Thursday, February 09, 2012

Life-changing events

There's this TV show called "The Middle" where the teenage character Axl Heck has an school-assignment where he has to write an essay on an event or situation that was "life-changing" for him. Of course, it turned out that Axl was so shallow that he had to copy virtually verbatim an essay his much smarter younger brother did on another subject entirely.

Axl Heck in his boxers, the main reason I watch "The Middle".

While I am not similarly afflicted with such shallowness, the obstacle that comes to mind for writing such an essay about myself is rather sheer pathos. The life-changing event that comes to mind for me is a poignant symbol of what an utter dribble-glass my social life as an adult has been to date. This event was being forced to realize at the end of attending college that the venal little fools of the "PC" college-campus scene were never really my friends and that they weren't going to effect any sort of change upon our troubled society.

The reason I threw in my social lot with those little cretins in the first place is because my fantasies of what my life would be in college turned out to be, well, nothing more than mere fantasies. So I did what a lot of ignorant young losers with no imagination did and associated with other ignorant young losers with no imagination. But such people are often very neurotic and turn their coats upon one another at the drop of a hat. Any hat. Of course, I eventually found myself at the receiving end of such treatment.

I can look back at it now and recognize that it was spiritually necessary for me to be separated from that whole dysfunctional, constricting scene. After all, I had the potential to be something better than that, even if I wasn't that much of an improvement over those people in my current form of the time. But what was life-changing was not so much the social dissociation from the denizens of the PC scene as it was the disillusionment with myself. I was forced to realize that everything I imagined myself to be was just more fantasy-notions I had cooked up in the kitchen of my ego-imagination. When those notions were dispelled, I found out there really wasn't very much of substance holding together and coordinating the disparate pieces of myself. One of the reasons I became insulin-resistant and then diabetic relatively early on was because there was nothing left for me except staying trapped in isolation in a spiritually and physically unhealthy life.

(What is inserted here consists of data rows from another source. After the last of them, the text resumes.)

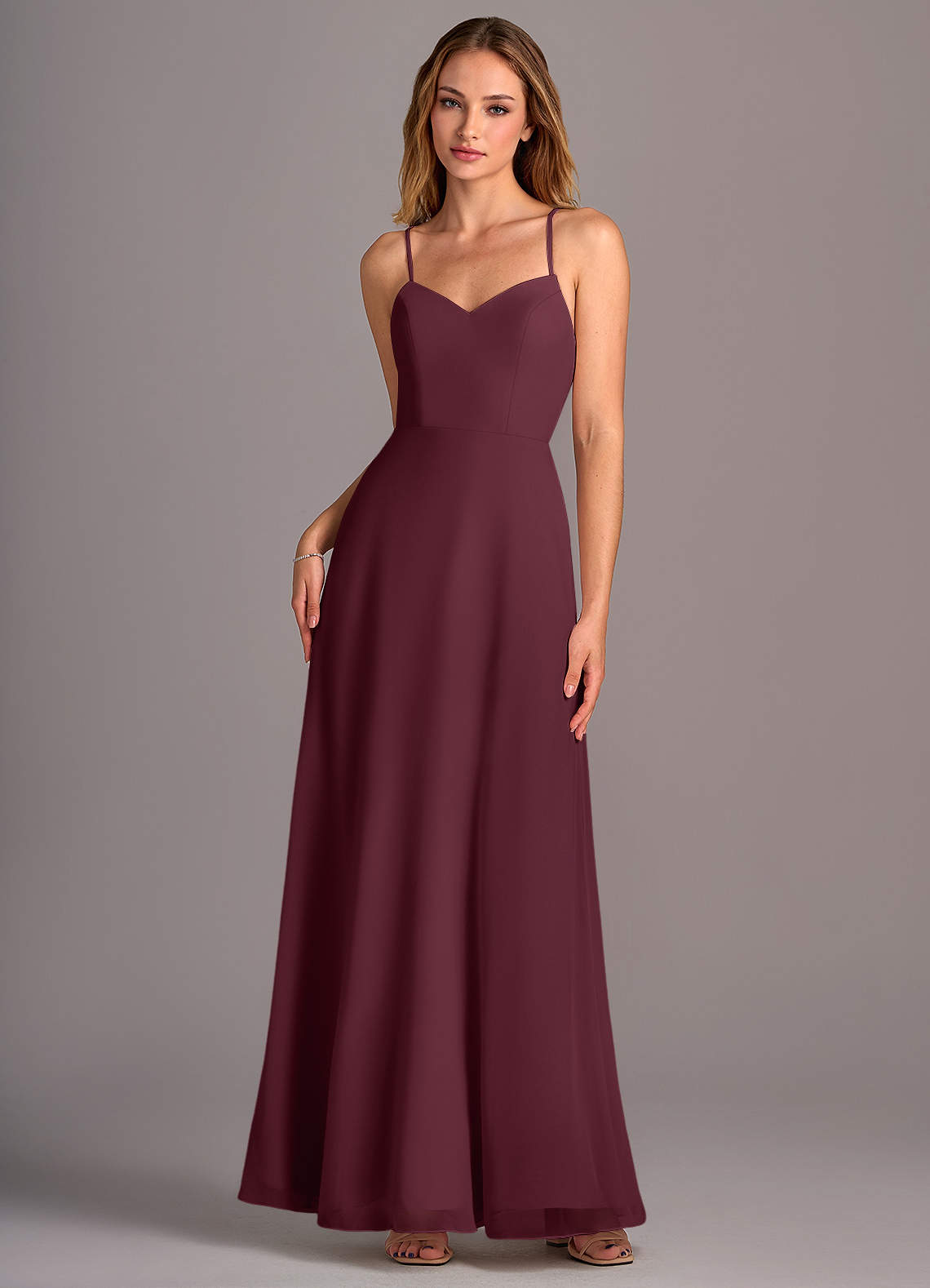 Azazie Mei Bridesmaid Dresses Cabernet A-Line Chiffon Dress image1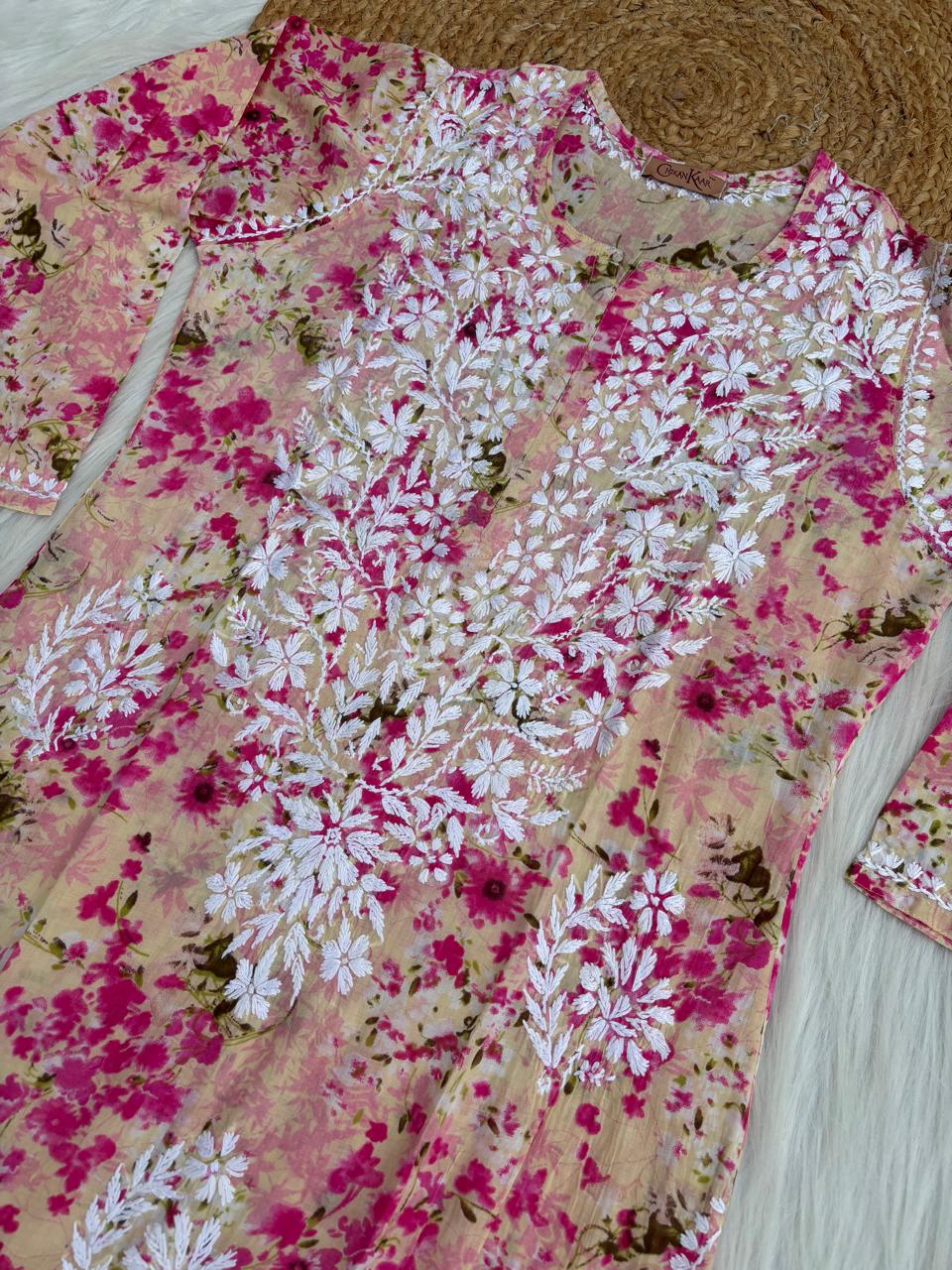 Fatima Pure Mulmul Chikankari  Handwork Kurti - Pink Colour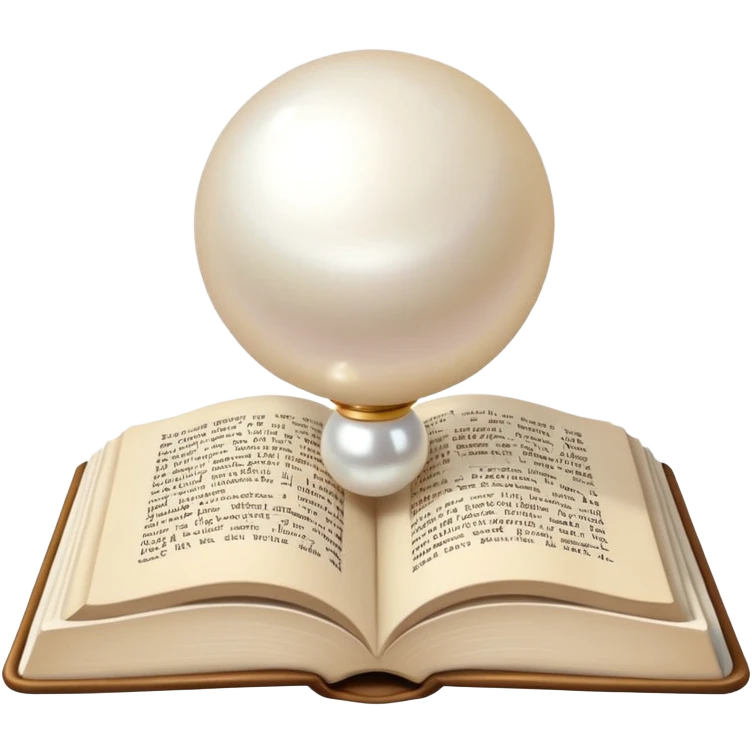 White Perl in a open book emoji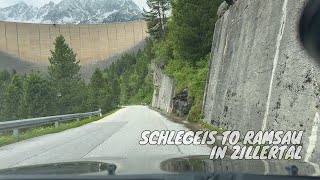 Schlegeis Stausee to Ramsau im Zillertal  driving [upl. by Sirred]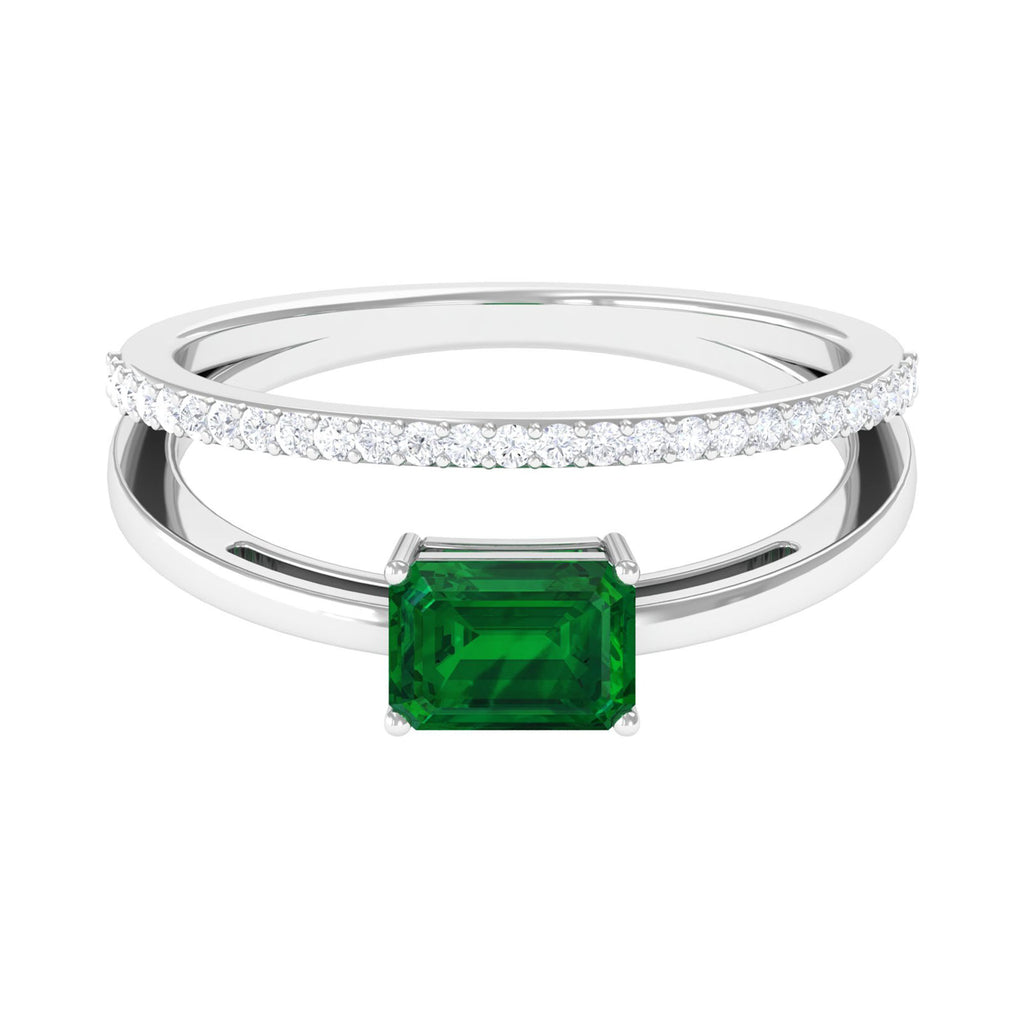 Lab Created Emerald Solitaire Ring for Engagement Lab Created Emerald - ( AAAA ) - Quality - Vibrant Grown Labs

So if you would have any insight into why I can be so casually pessimistic in my evaluation of society's and humanity's future, this is should provide you with some. I have done myself disservices by kidding myself with codependent fantasy-notions that the real world would never facilitate or validate, so much so that I have developed something of an allergy to doing that. Having been such a huge loser has made me averse to loserish non-solutions to society's problems. When I look back at my own life and see how some consistent honesty with myself would have benefitted my personal development, I can't help but want to look at the world in which I live, as well as myself at this time in my life, with the same sort of point-blank honesty.

The challenge in that is refrain from losing your mind upon conceiving just how fucked up everything else is. And that necessarily must start with ceasing to cultivate more codependent nonsense. My honesty forces me to realize that I failed to apply myself consistently to that project in the closing years of the previous decade. So that means it behooves me in the opening years of this new decade to make this a priority.

There were other things too besides what I'm relating in this one little blog-post. But to what it all boils down is that things might have been different for me had I refrained from looking at the world around me through such thick gauze of fantasy-notions. It logically follows that I just don't want to indulge that error anymore.